### [Work to complete]
Pull out every line from the line containing "0 Volley Road" through the end of the material, both ends included, and reproduce it exactly. Keep pictures out.

Segment Start: Given information

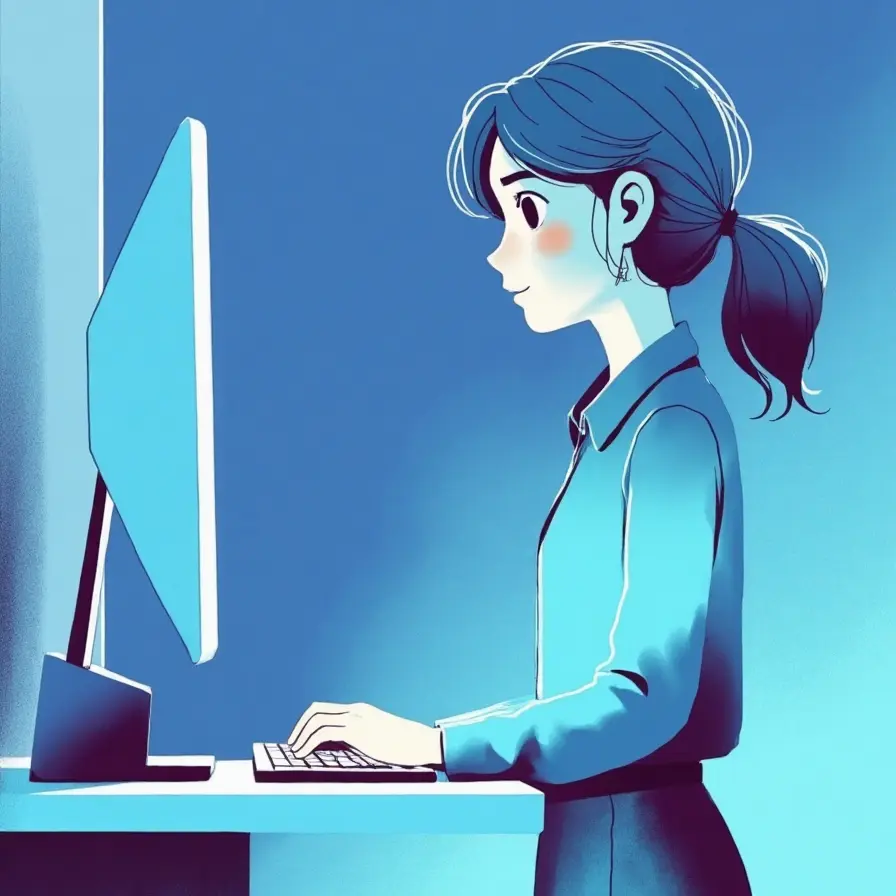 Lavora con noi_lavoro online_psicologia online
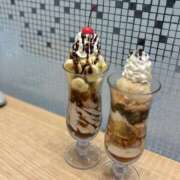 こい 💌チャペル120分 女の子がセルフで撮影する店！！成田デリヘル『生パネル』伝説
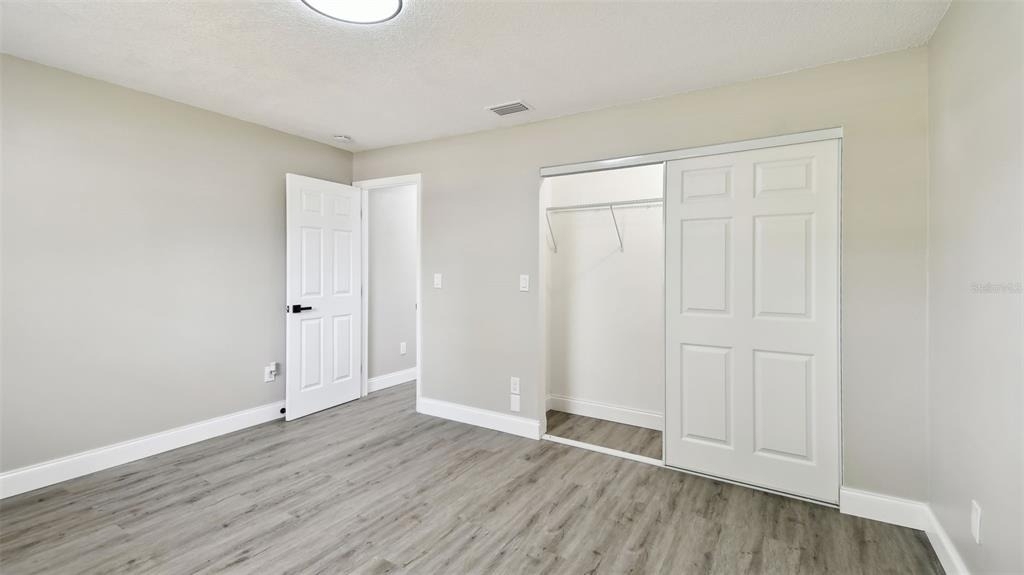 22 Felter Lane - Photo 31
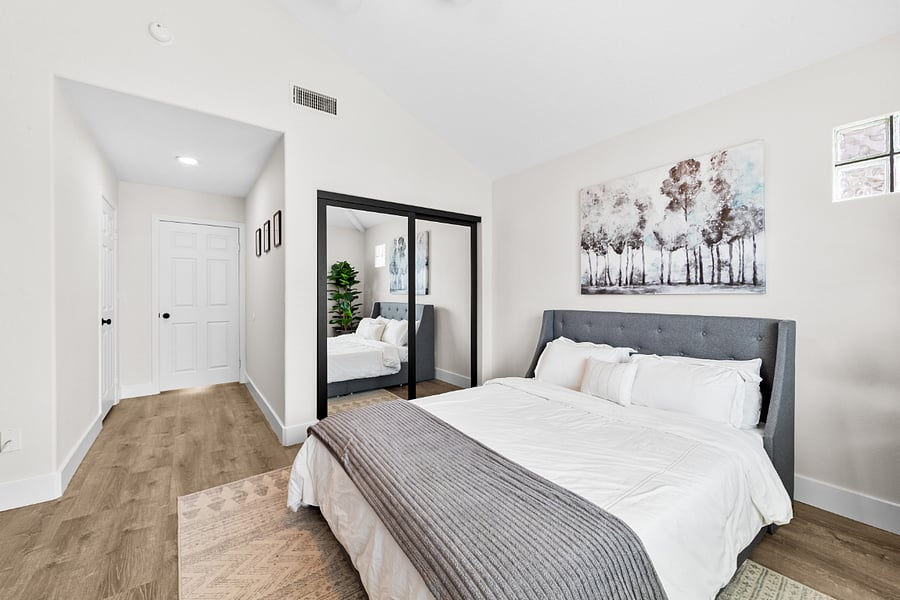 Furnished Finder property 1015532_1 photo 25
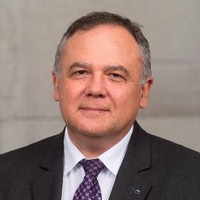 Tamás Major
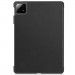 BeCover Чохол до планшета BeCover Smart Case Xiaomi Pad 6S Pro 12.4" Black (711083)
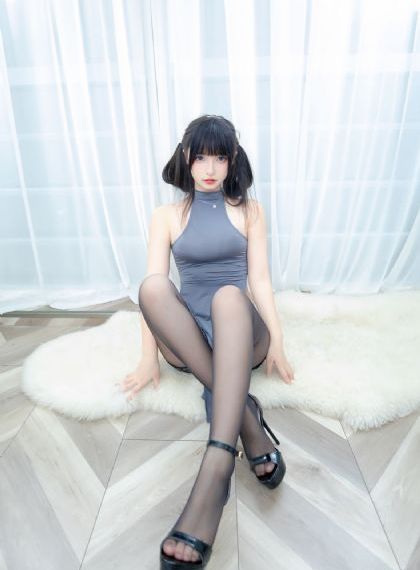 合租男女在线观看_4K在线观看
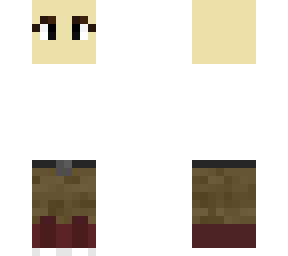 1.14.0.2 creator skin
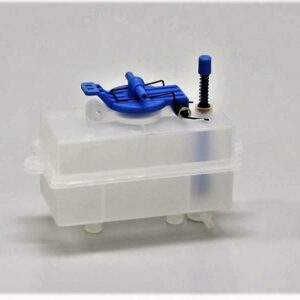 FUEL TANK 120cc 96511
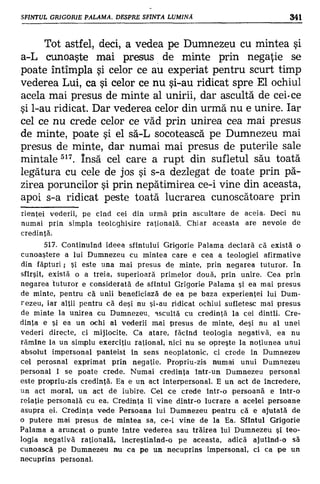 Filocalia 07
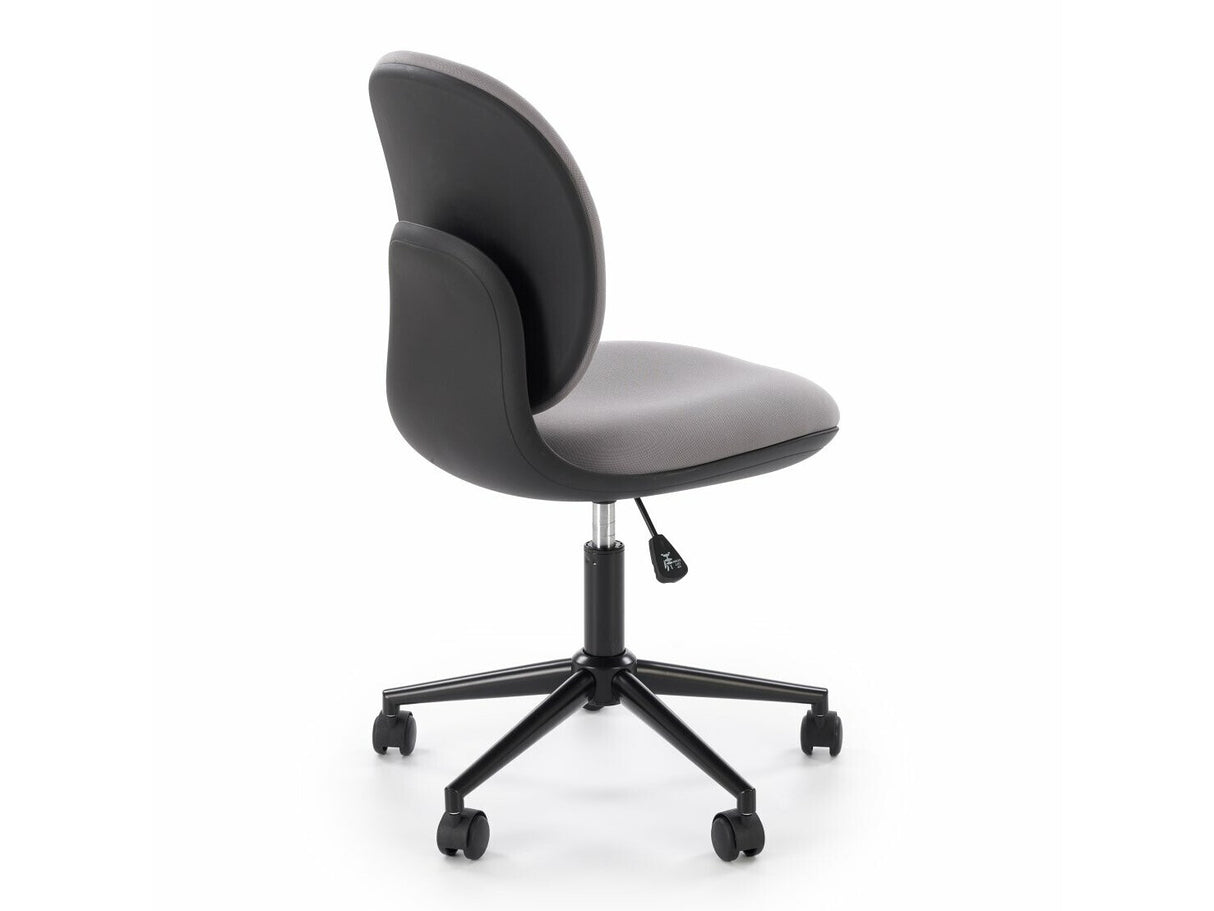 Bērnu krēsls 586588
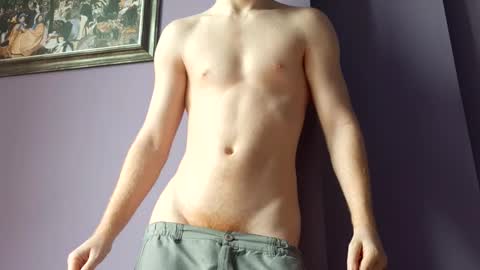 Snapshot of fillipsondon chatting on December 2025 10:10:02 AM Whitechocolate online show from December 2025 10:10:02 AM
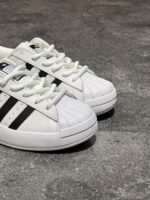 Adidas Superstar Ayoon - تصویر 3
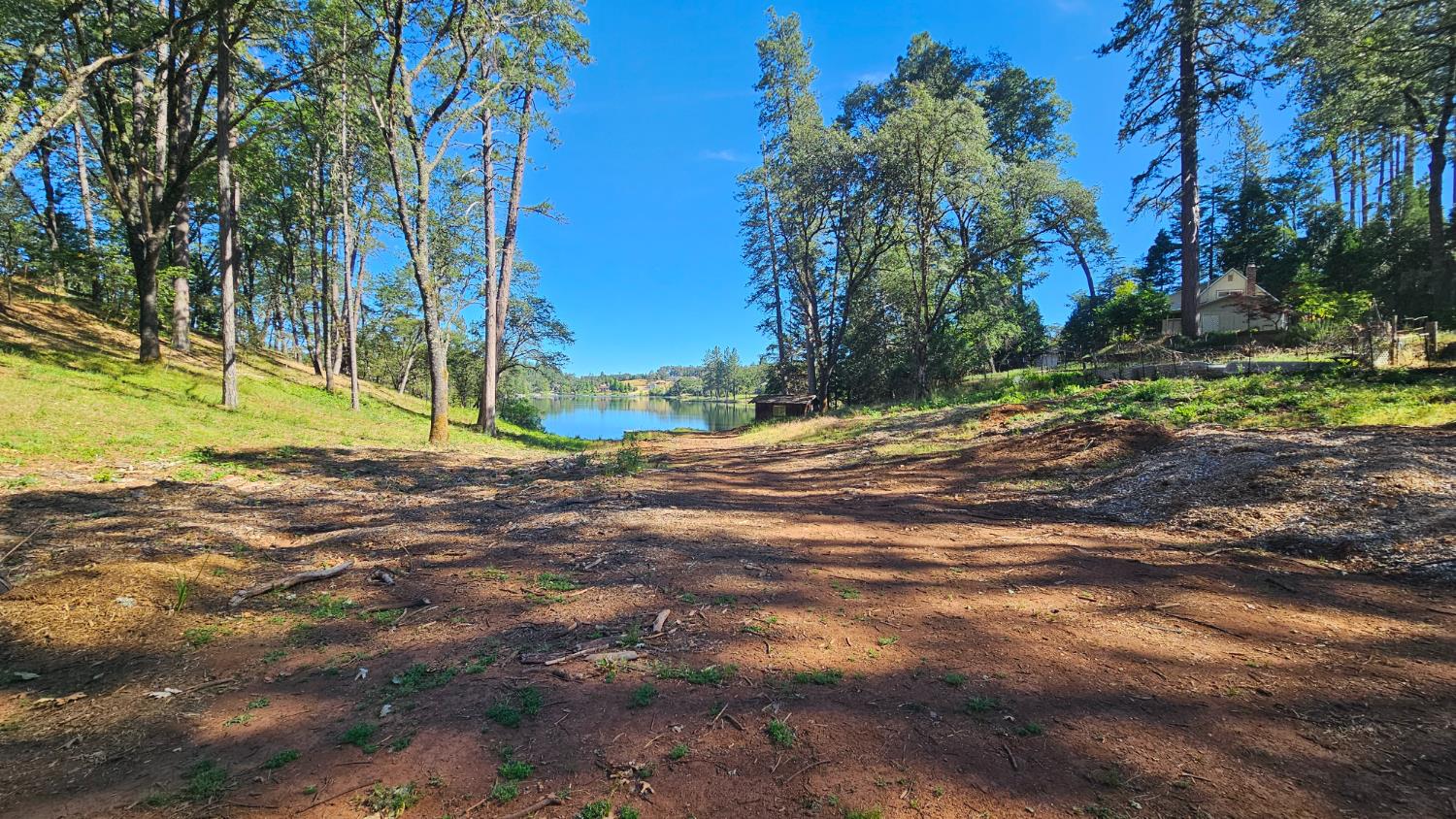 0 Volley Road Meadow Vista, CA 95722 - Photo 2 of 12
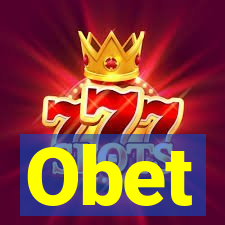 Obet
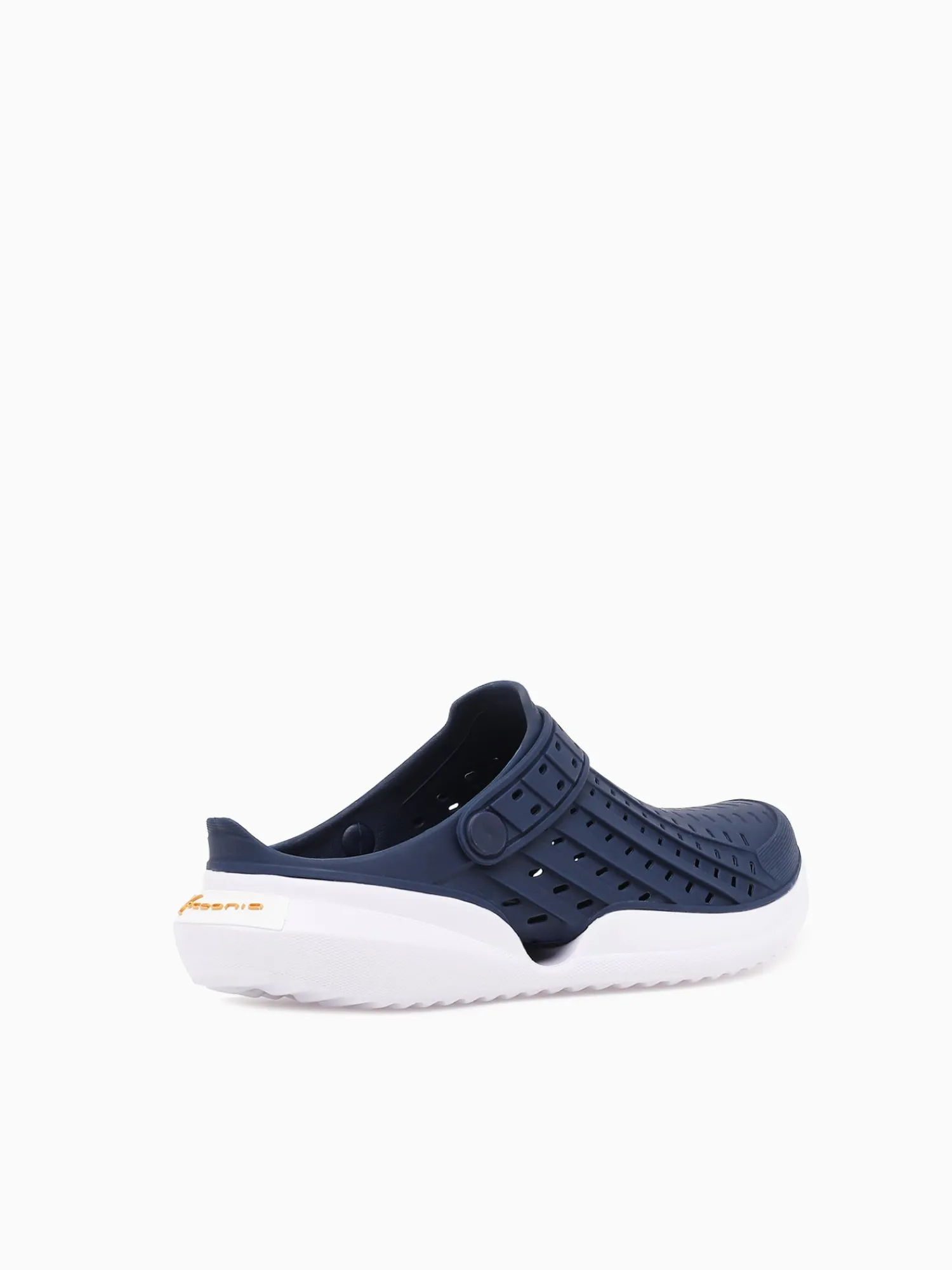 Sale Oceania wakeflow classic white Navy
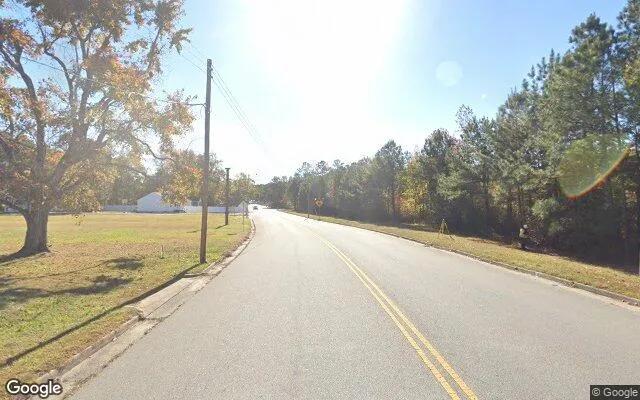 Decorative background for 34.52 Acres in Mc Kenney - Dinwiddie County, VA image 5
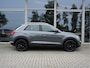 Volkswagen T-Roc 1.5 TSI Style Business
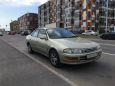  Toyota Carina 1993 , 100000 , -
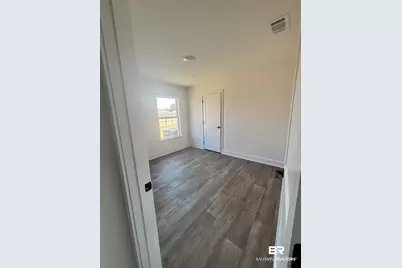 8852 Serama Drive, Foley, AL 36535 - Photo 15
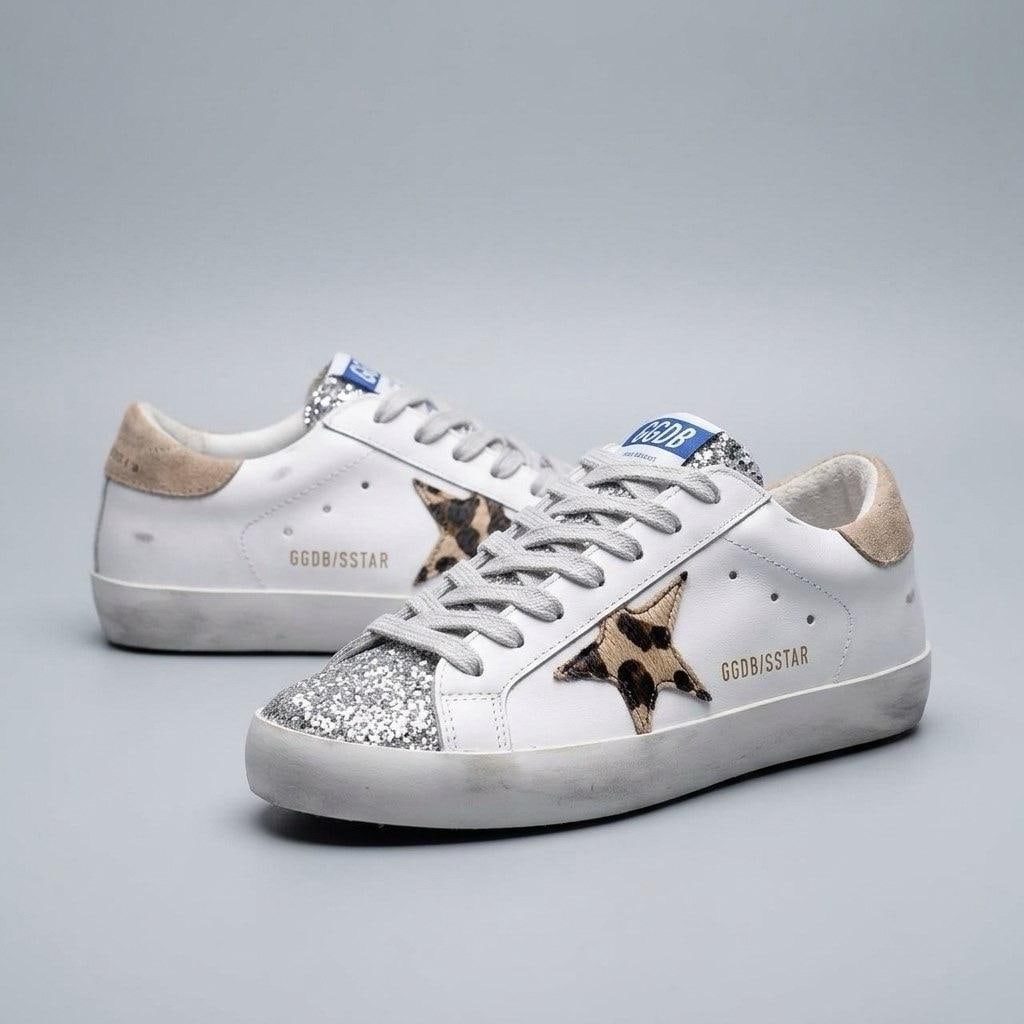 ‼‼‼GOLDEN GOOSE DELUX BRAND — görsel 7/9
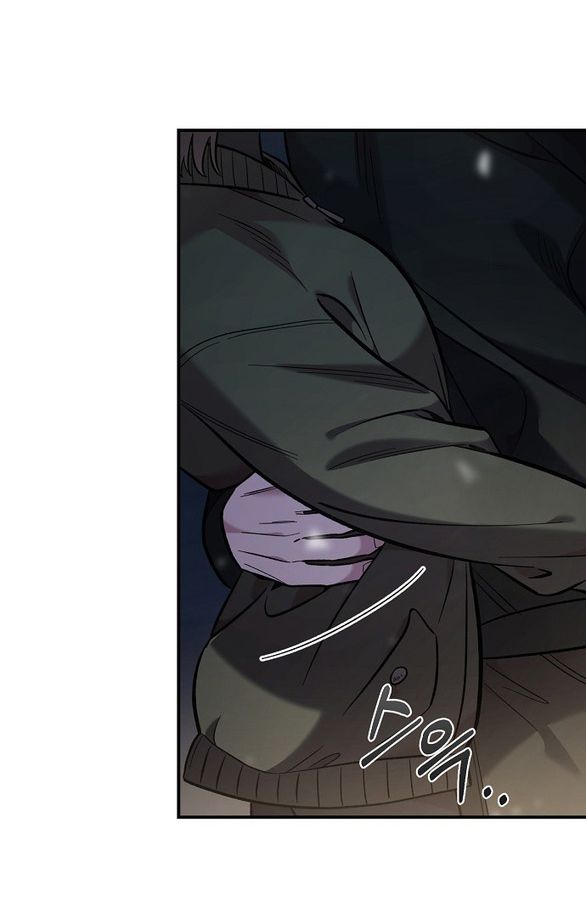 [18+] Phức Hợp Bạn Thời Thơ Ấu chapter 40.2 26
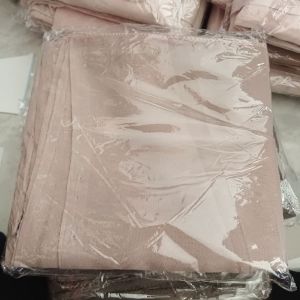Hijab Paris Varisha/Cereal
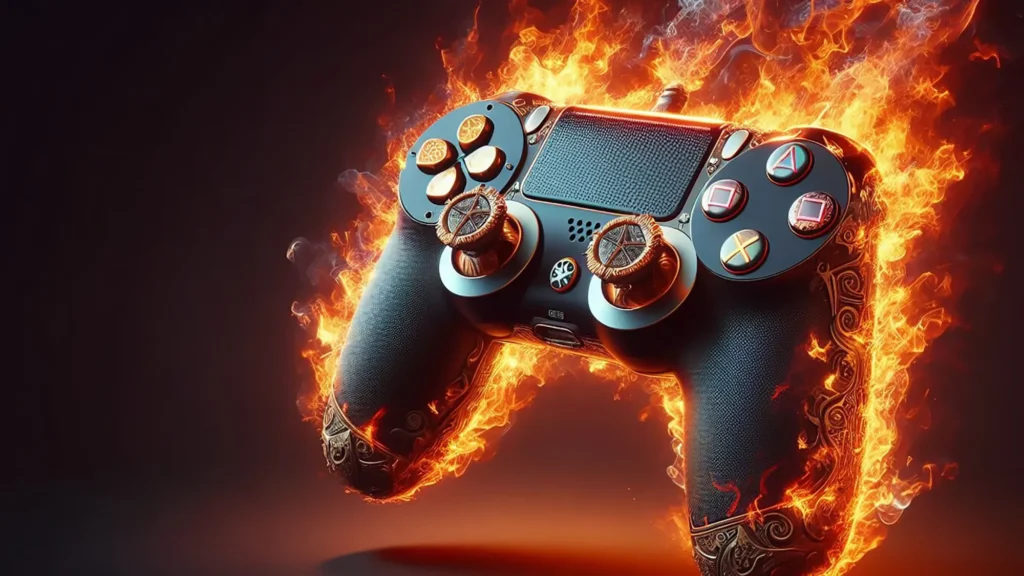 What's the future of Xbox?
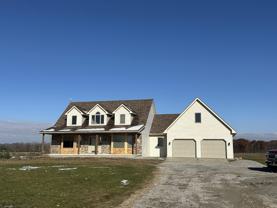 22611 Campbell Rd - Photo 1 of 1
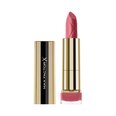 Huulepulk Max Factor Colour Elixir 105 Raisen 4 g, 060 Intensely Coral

Segment End: Given information

### [Answer space]
 0 Volley Road Meadow Vista, CA 95722 - Photo 2 of 12
 Obet
 Sale Oceania wakeflow classic white Navy
 Decorative background for 34.52 Acres in Mc Kenney - Dinwiddie County, VA image 5
 Volkswagen T-Roc 1.5 TSI Style Business
  Toyota Carina 1993 , 100000 , -
 8852 Serama Drive, Foley, AL 36535 - Photo 15
 ‼‼‼GOLDEN GOOSE DELUX BRAND — görsel 7/9
 [18+] Phức Hợp Bạn Thời Thơ Ấu chapter 40.2 26
Hijab Paris Varisha/Cereal
 What's the future of Xbox?
 22611 Campbell Rd - Photo 1 of 1
 Huulepulk Max Factor Colour Elixir 105 Raisen 4 g, 060 Intensely Coral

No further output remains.